What the task requires =>
Nothing outside the lines below from the one containing "14:9 abby_(rukifox) ambiguous_gender" through the one containing "Frankreich, Gironde (33), Bassin" is to be printed; print those exactly, ends included, and drop the pictures.

*** Opening of Study material ***

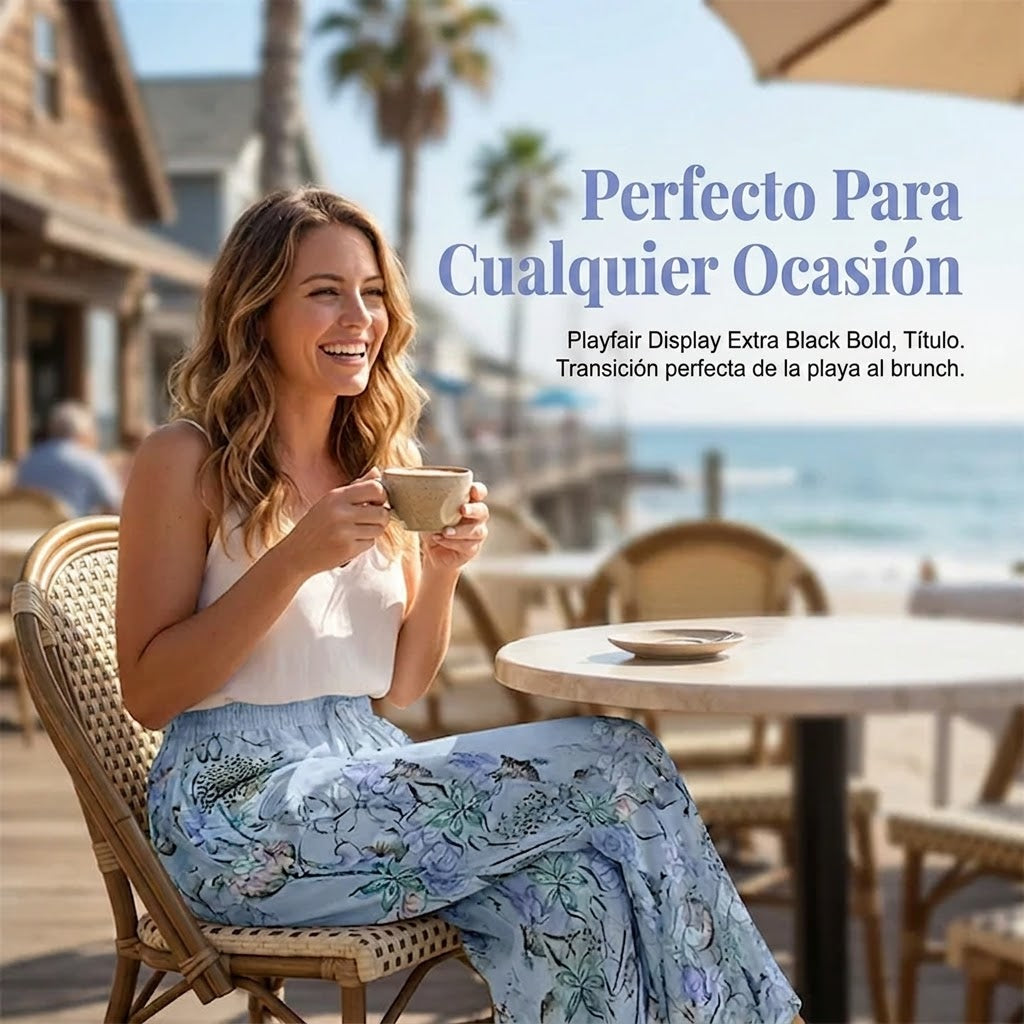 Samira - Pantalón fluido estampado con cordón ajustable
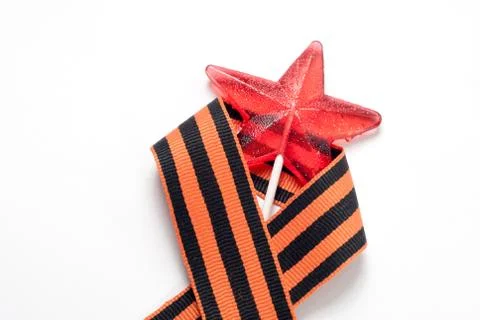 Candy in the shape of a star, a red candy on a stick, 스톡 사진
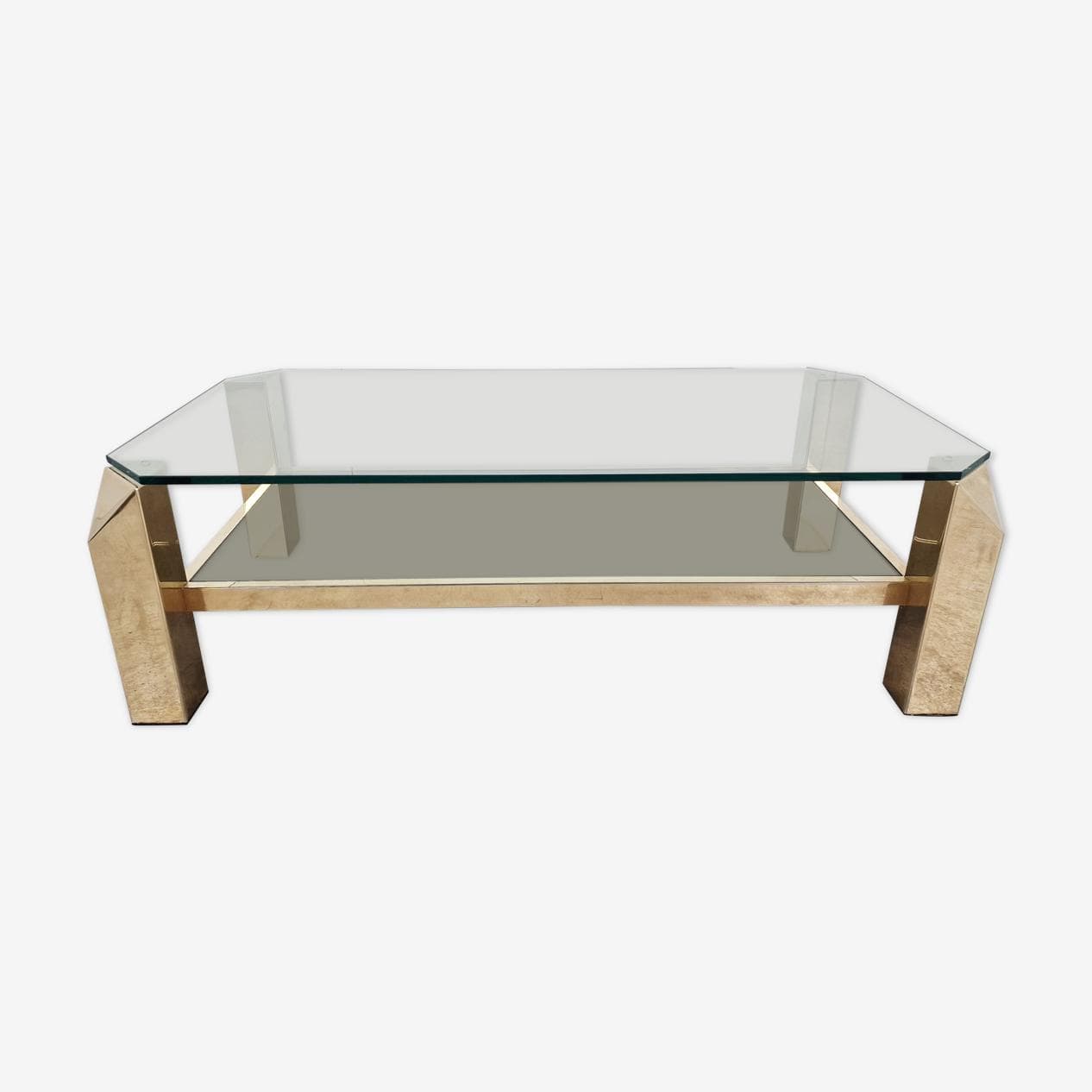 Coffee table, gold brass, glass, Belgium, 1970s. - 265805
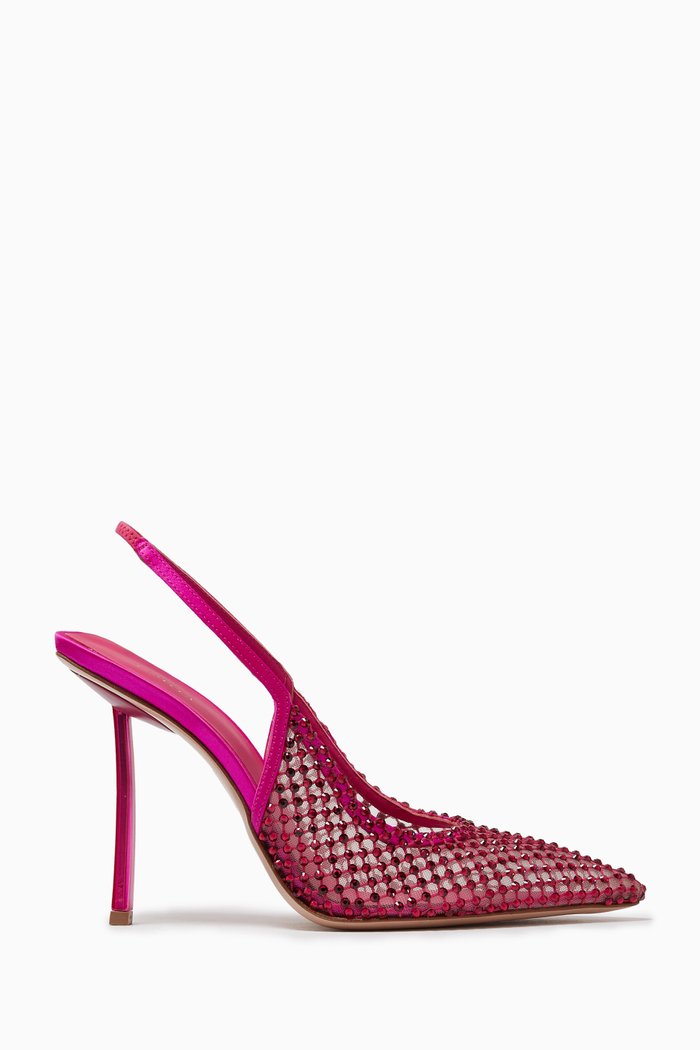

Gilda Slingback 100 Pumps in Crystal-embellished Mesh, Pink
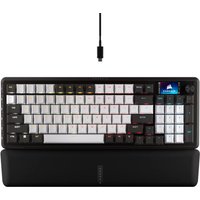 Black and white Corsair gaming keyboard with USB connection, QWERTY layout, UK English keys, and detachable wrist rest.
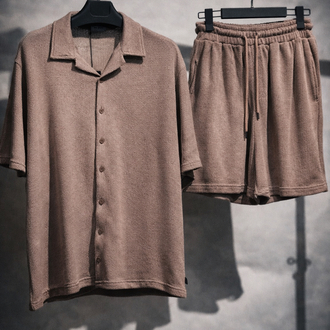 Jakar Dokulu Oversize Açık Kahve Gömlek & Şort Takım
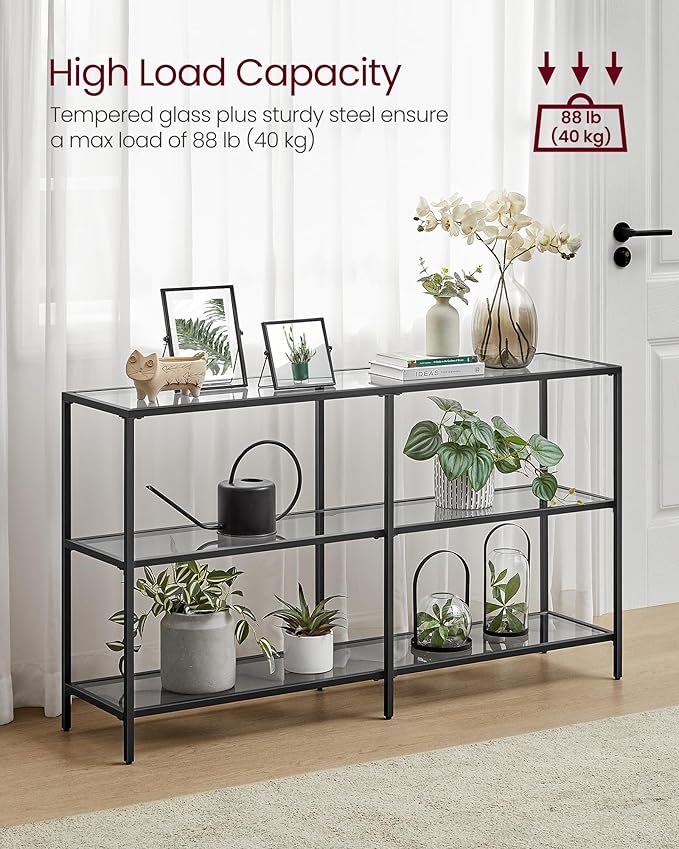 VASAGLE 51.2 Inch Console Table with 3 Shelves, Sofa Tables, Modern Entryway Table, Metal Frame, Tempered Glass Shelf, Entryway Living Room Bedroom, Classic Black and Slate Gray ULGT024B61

*** Close of Study material ***
*** Opening of Study material ***

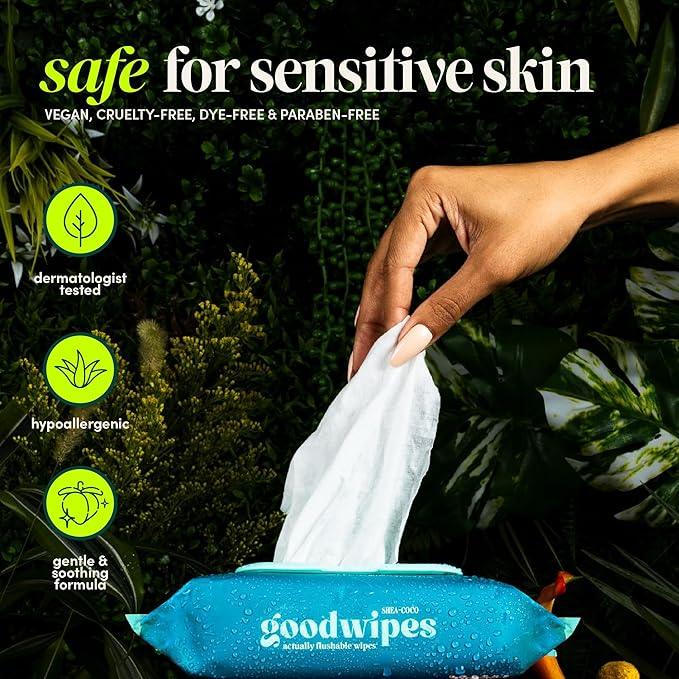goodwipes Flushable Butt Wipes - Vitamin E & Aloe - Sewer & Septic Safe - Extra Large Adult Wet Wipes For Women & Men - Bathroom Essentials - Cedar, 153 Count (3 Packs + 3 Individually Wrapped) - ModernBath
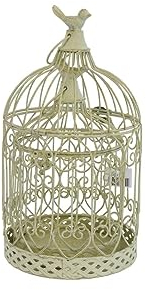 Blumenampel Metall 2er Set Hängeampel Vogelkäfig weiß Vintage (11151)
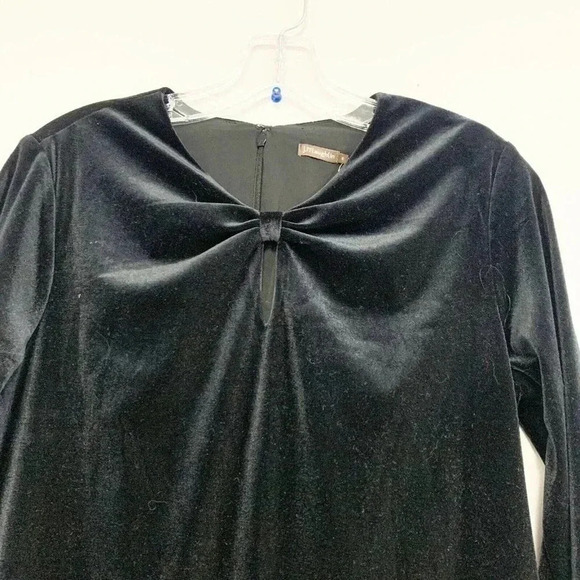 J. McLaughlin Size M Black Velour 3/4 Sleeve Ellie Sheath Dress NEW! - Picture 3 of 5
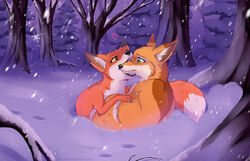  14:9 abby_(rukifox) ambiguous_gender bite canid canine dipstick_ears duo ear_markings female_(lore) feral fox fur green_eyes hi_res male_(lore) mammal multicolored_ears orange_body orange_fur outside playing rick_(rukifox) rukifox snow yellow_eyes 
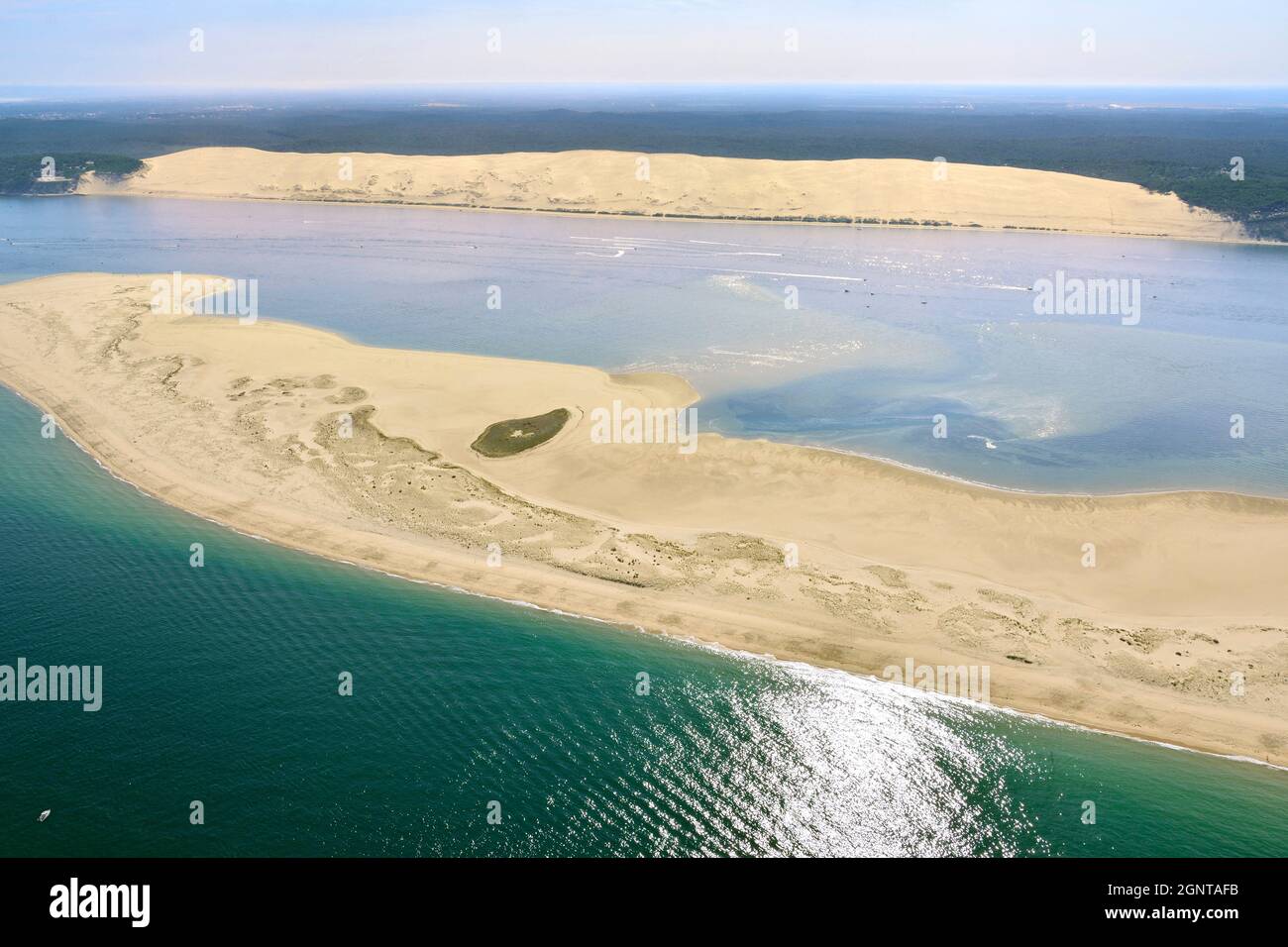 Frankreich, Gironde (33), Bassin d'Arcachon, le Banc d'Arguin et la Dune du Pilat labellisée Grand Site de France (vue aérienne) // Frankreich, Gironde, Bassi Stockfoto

*** Close of Study material ***

Answer to the exercise =>
  14:9 abby_(rukifox) ambiguous_gender bite canid canine dipstick_ears duo ear_markings female_(lore) feral fox fur green_eyes hi_res male_(lore) mammal multicolored_ears orange_body orange_fur outside playing rick_(rukifox) rukifox snow yellow_eyes 
 Frankreich, Gironde (33), Bassin d'Arcachon, le Banc d'Arguin et la Dune du Pilat labellisée Grand Site de France (vue aérienne) // Frankreich, Gironde, Bassi Stockfoto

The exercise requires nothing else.